Bill to repeal ‘skill game’ ban dies
Published 5:24 pm Thursday, February 20, 2025
- Skill game machines are currently banned under a 2020 state law. (File photo)
A revived effort to repeal Virginia’s ban on so-called “skill games” failed to advance out of the Senate.
Sen. Aaron Rouse, D-Virginia Beach, last year sponsored a bill that proposed repealing a 2020 law that had reclassified the pay-to-play slots-style betting machines as illegal gambling, and instead tax them. The bill passed both legislative chambers but was vetoed by Gov.
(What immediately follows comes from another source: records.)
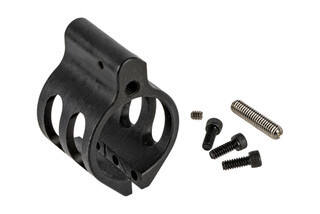 The WMD Guns Nitromet Adjustable Gas Block features a black finish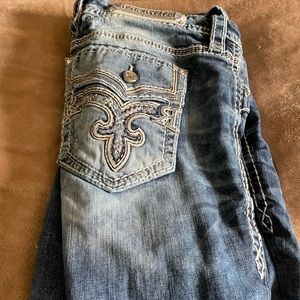 Like New Rock Revival Skinny Jeans Size 34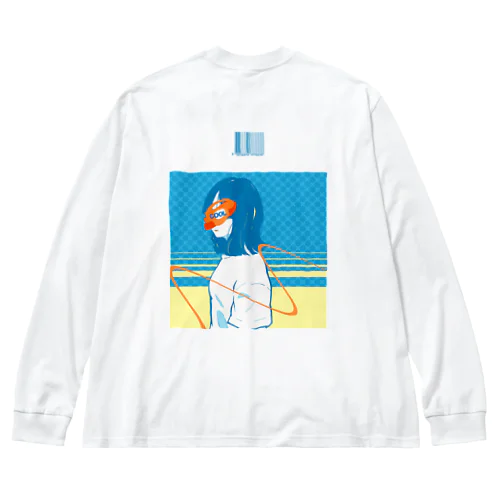 COOL GIRL(バックプリント) ビッグシルエットロングスリーブTシャツ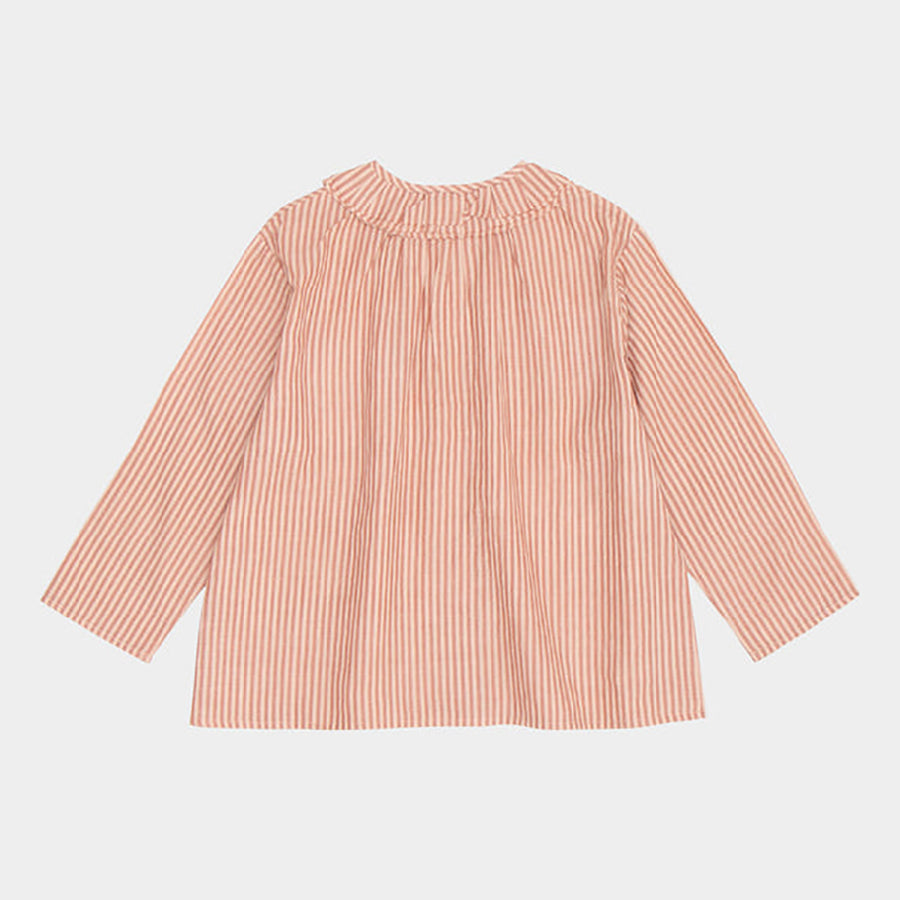Caramel :: Moon Shirt Dusty Rose Stripe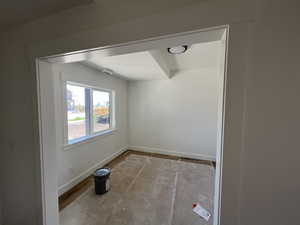 Empty room with baseboards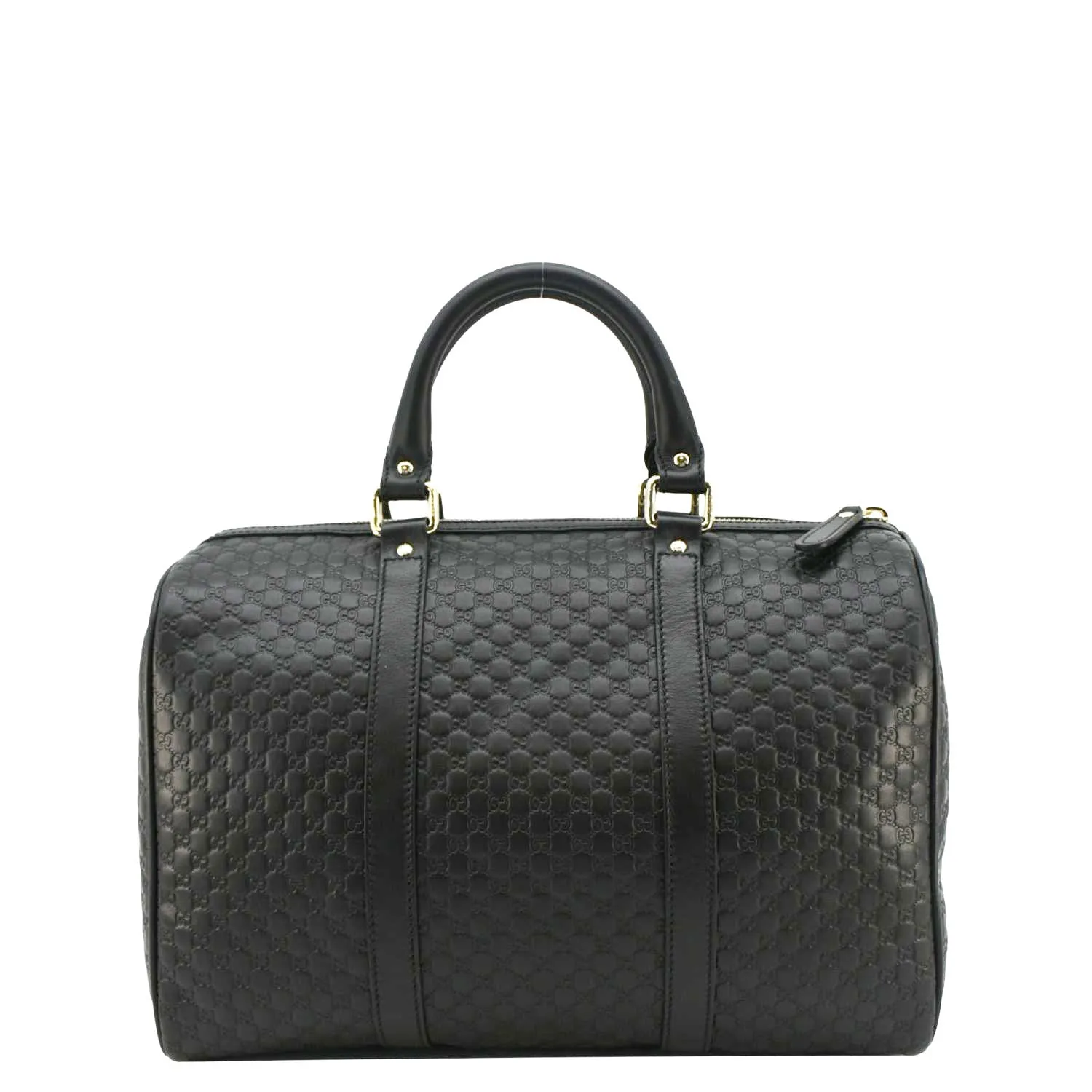 GUCCI  GG Microguccissima Boston Travel Bag Black 449646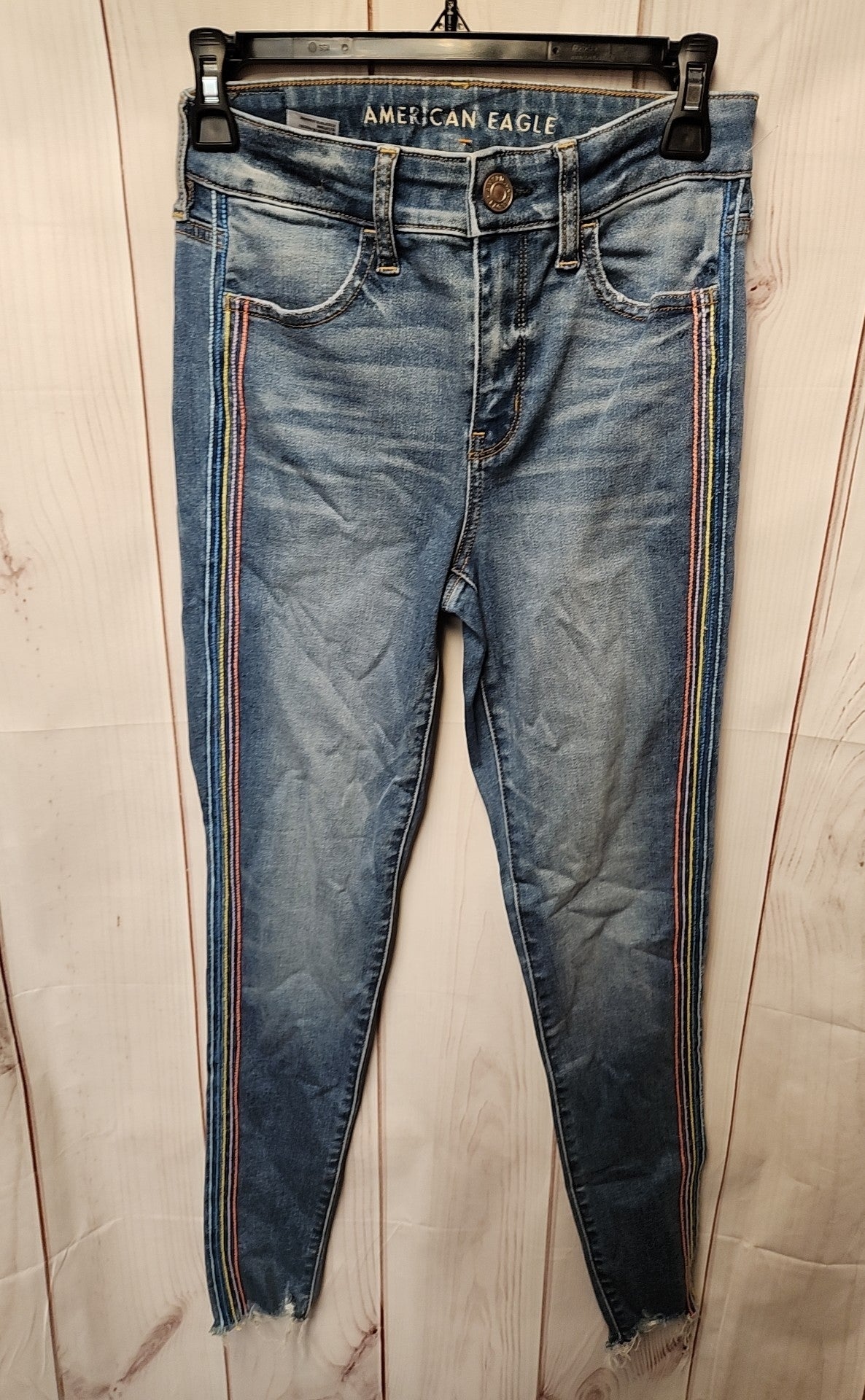 American Eagle Women's Size 27 (3-4) Blue Jeans High Rise Jegging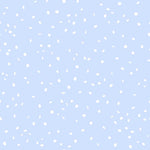 A light blue background with scattered small white dots and short white brushstroke marks, creating a simple speckled pattern.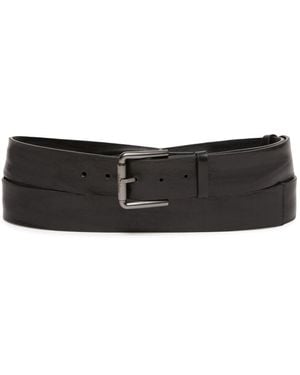 Max Mara Cintura lunga in pelle buckle40xlong - Nero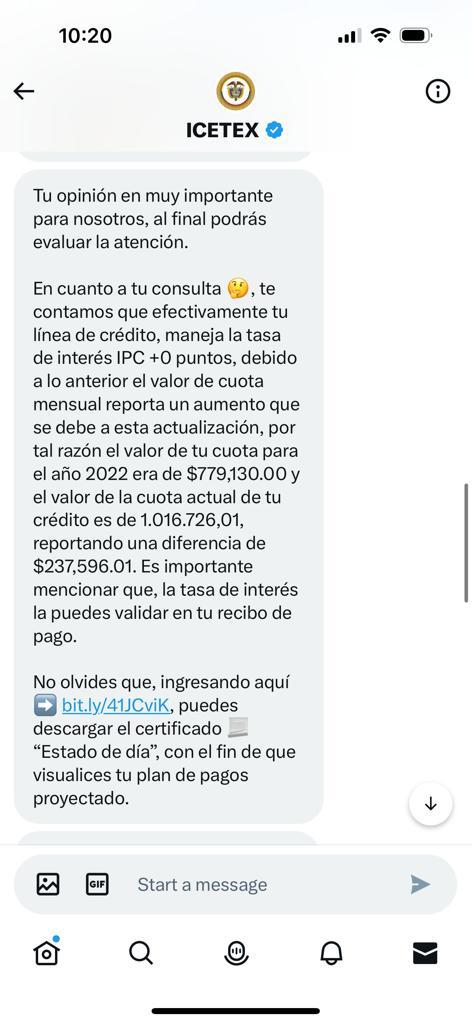 migumand's tweet photo. @ICETEX @MauroToroO La respuesta: https://t.co/OCUhsdZhZU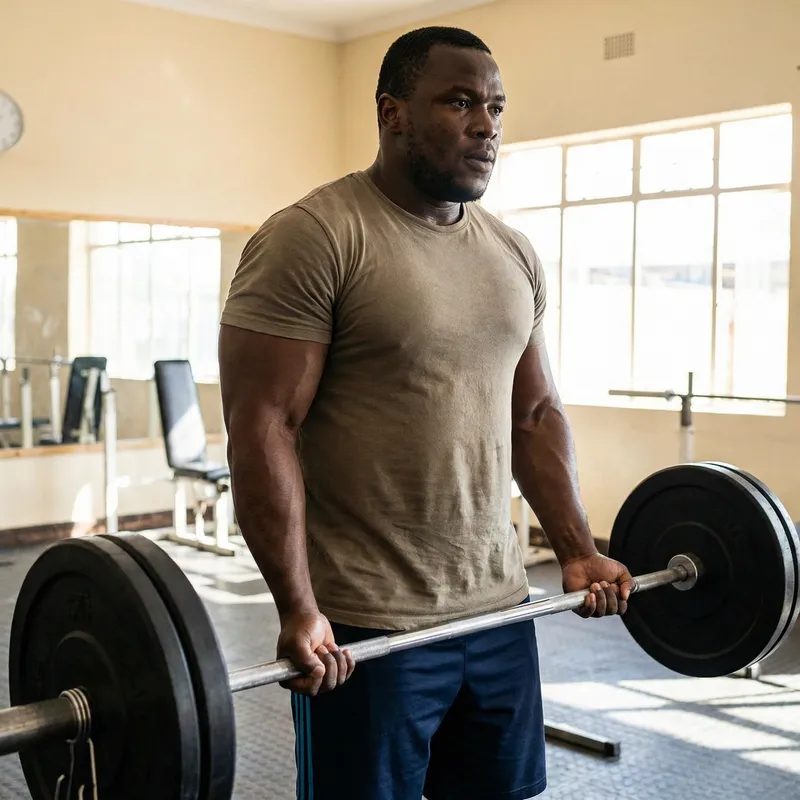 Strong and Muscular Man Fitness Guide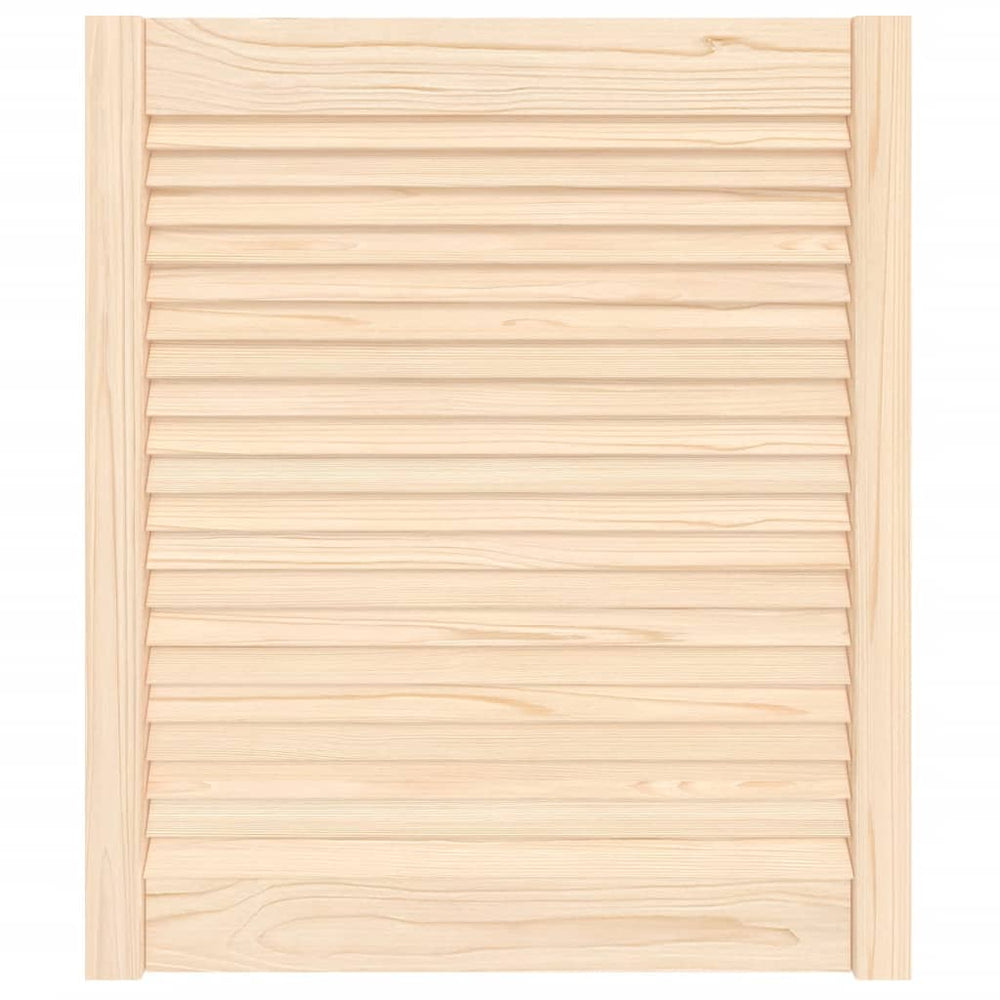 Schranktür Lamellen-Design 69x59,4 cm Massivholz Kiefer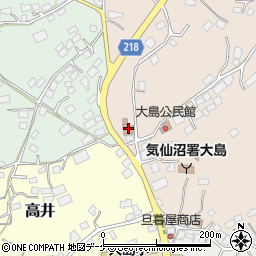 日本郵便大島郵便局周辺の地図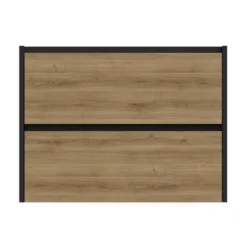 Tiger Reverse Meubelset 80 Cm Met 2 Lades Chalet Eik / Mat Zwart Inclusief Oval Wastafel Mat Zwart -SKIL WINKEL 123 1538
Glenn Youngkin after the General Assembly voted down a slate of amendments Youngkin had proposed that would have kept the machines illegal throughout Isle of Wight and most of Surry counties due to their proximity to the Rivers Casino in Portsmouth and Colonial Downs in New Kent County.
This year, the attempt at legalizing the devices came from the other side of the aisle when Sen. Christie New Craig, R-Chesapeake, filed Senate Bill 1323, which proposed a $1,200 monthly tax on each device that would be paid into a new “Virginia Gaming Commerce Regulation Fund” that would distribute the revenue to fund K-12 schools. It stalled Feb. 5 in the Senate Committee on Finance and Appropriations.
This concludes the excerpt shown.